Porto acquired Falcao for €3.9m from River Plate of Argentina in 2009, and sold him to Atletico Madrid for €40m euros two seasons ago. As part of his move to the Spanish club, €1.8 — about 5 %of the fee — went to Dutch financial holding company Natland Financieringsmaatschappij BV. Huh? Yup. A Dutch bank made profit from the transfer of a Colombian striker from a Portuguese club to a Spanish club. Globalization in a nutshell.
Falcao’s agent, Jorge Mendes and Peter Kenyon, former Chelsea chief executive, have also made nice profit from selling their Colombian stallion. Some barons and oligarchs, who figured out a way to get money from the football world without investing in a team, have also made great profits from the transfers of Falcao.
Nobody really knows how Falcao’s transfers have benefited the bank accounts of the world’s richest because in the murky business of third-party investment funds transparency is a bad word.
Falcao will now join Monaco for about €60m.
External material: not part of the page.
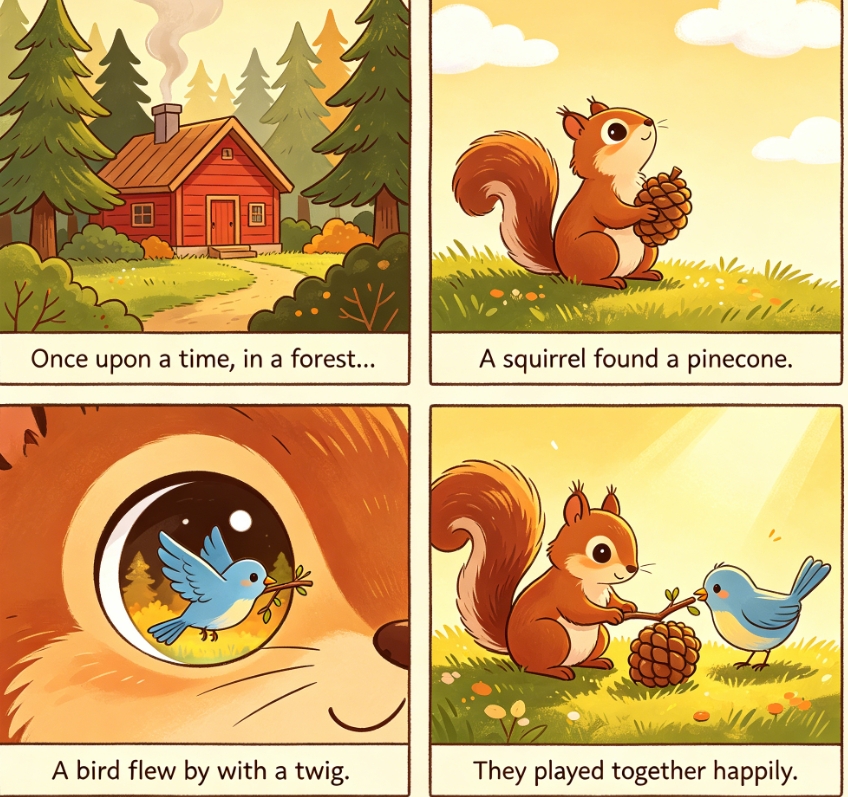 Squirrel and bird warm fairy tale 4-panel comic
It’s an odd transfer that will prevent the Colombian striker from playing Champions League football for at least one more year.
Falcao was wanted by the best teams in the world. He could have certainly played for the best teams in the world. However, it won’t be happening for reasons that seem 100% financial.
The “invisible hand” has signed Falcao’s contract at Monaco. I’m not really sure Falcao had a real say about that. Nobody knows if he was pressured to sign a contract with Monaco or who pressured him to do so. There are some very powerful people who bought “Falcao shares” and as shareholders they want to have a say.
There are some serious questions about the purity of this transfer. It seems that the sporting reasons are completely marginalized by the financial reasons.
3rd-party ownership should be totally transparent or totally banned.